As New York continues to drown in generic brasseries and chophouses — venues where most diners could recite the menu from memory without ever seeing it in the first place — a damn fine Greenwich Village restaurant is packing the house with gutsy British fare.
Tripe jiggles in Madeira sauce. Blood sausage and pig’s face enrich a cassoulet-like bowl of beans. Stilton-laced steam rises up from ox cheek pie, the flaky exterior topped with bone marrow butter. See that duck-stuffed cabbage on the table next to you? Cooks grind up the poultry with just a little bit of liver, heart, and gizzards — organs that impart the inky prune sauce with a complex and earthy sweetness.

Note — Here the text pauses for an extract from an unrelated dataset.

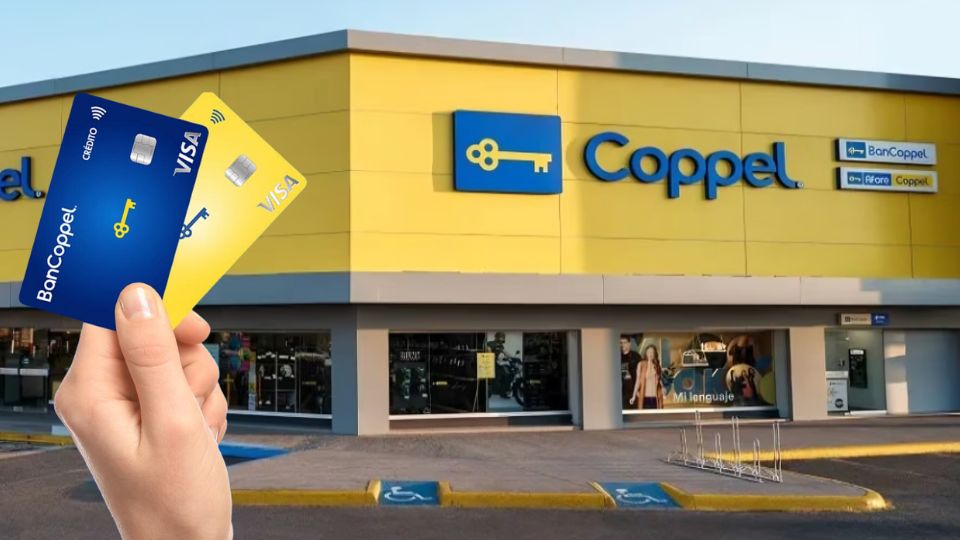 Coppel sufre falla en sus sistemas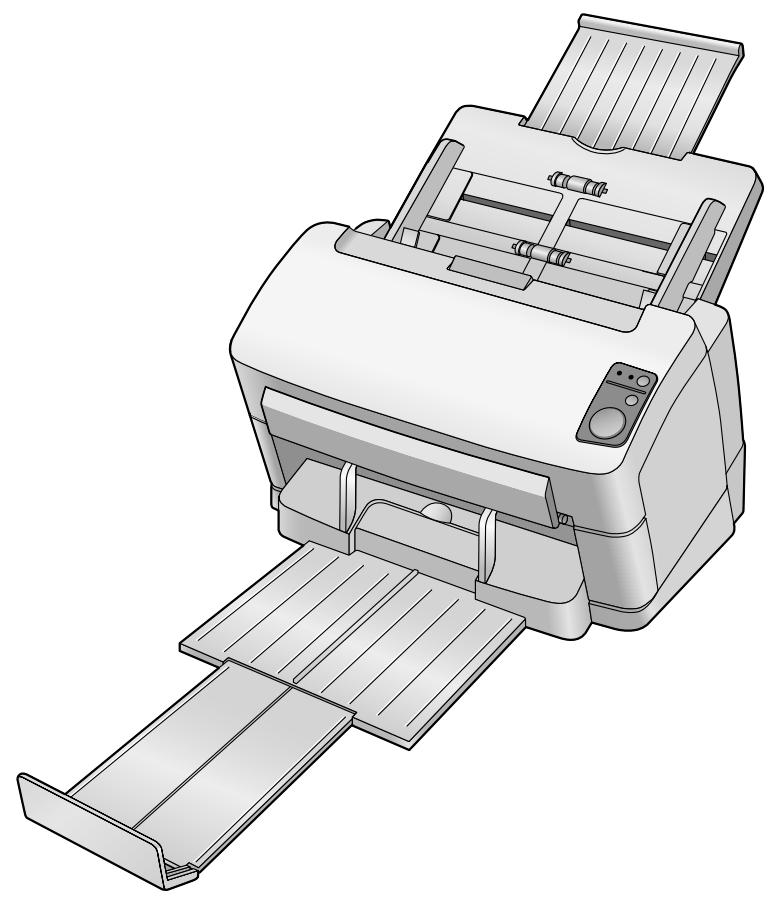 PANASONIC KV-S1065C - Scanner de documents - 1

If chic Brooklyn party spots and hip Dimes Square hangouts are New York’s of-the-moment restaurants, Lord’s is precisely the opposite. The food here feels like a mid-aughts playlist teeming with the Strokes and Phoenix. Shout out to owners Patricia Howard and chef Ed Szymanski, the duo behind Dame, for turning up the volume on the oldies, pushing out the type of food that coursed its way through New York’s gastronomic zeitgeist 15 years ago.
Remember 2006, when the ragtag chefs at Ssam Bar were slinging so many off cuts the menu had a proper offal section? A few years later, the Breslin started commanding two-hour waits for large-format pig’s feet. Babbo powered through the decade serving brain ravioli and beef-cheek pasta with crushed squab liver. Heck, even Per Se used to advertise an offal tasting, chock full of cerveaux, tripe, and smoked marrow.
British chef Fergus Henderson, perhaps more than anyone else, was the driving force behind the popular surge in these so-called nasty bits. The St. John restaurateur published a wildly successful cookbook, the famed “Nose to Tail” bible, in 2004. A few years later he drew impossibly large crowds for a Momofuku Noodle Bar guest dinner, replete with yakitori chitlins. Anthony Bourdain once called Henderson a “walking Buddha,” explaining that he “completely expanded the larder and gave chefs permission to cook the parts they’d always wanted to cook.”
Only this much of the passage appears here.